Exercise goal :: Your answer should be the lines below from the one holding "Isaac John, Ikeja" through the one holding "Người lái xe", copied exactly and with nothing else.

(Records from a data collection)

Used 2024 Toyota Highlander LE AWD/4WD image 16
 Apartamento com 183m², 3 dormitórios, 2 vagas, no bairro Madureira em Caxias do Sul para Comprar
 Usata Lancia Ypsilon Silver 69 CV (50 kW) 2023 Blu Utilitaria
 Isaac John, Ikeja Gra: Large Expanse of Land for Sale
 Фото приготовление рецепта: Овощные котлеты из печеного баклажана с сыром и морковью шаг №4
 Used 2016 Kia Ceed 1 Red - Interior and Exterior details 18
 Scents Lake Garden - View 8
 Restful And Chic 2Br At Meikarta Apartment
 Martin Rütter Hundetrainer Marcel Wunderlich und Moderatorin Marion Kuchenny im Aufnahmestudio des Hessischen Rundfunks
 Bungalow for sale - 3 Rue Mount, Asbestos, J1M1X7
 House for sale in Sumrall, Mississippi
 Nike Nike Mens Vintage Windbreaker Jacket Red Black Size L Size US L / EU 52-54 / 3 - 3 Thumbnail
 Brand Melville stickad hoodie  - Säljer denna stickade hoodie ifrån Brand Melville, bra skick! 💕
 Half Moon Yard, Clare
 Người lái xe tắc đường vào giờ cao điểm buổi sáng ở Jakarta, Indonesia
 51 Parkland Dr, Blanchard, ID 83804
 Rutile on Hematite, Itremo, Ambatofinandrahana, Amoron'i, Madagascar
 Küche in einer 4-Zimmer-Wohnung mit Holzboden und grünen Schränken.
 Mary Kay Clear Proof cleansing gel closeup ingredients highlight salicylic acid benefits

Answer box ::
 Isaac John, Ikeja Gra: Large Expanse of Land for Sale
 Фото приготовление рецепта: Овощные котлеты из печеного баклажана с сыром и морковью шаг №4
 Used 2016 Kia Ceed 1 Red - Interior and Exterior details 18
 Scents Lake Garden - View 8
 Restful And Chic 2Br At Meikarta Apartment
 Martin Rütter Hundetrainer Marcel Wunderlich und Moderatorin Marion Kuchenny im Aufnahmestudio des Hessischen Rundfunks
 Bungalow for sale - 3 Rue Mount, Asbestos, J1M1X7
 House for sale in Sumrall, Mississippi
 Nike Nike Mens Vintage Windbreaker Jacket Red Black Size L Size US L / EU 52-54 / 3 - 3 Thumbnail
 Brand Melville stickad hoodie  - Säljer denna stickade hoodie ifrån Brand Melville, bra skick! 💕
 Half Moon Yard, Clare
 Người lái xe tắc đường vào giờ cao điểm buổi sáng ở Jakarta, Indonesia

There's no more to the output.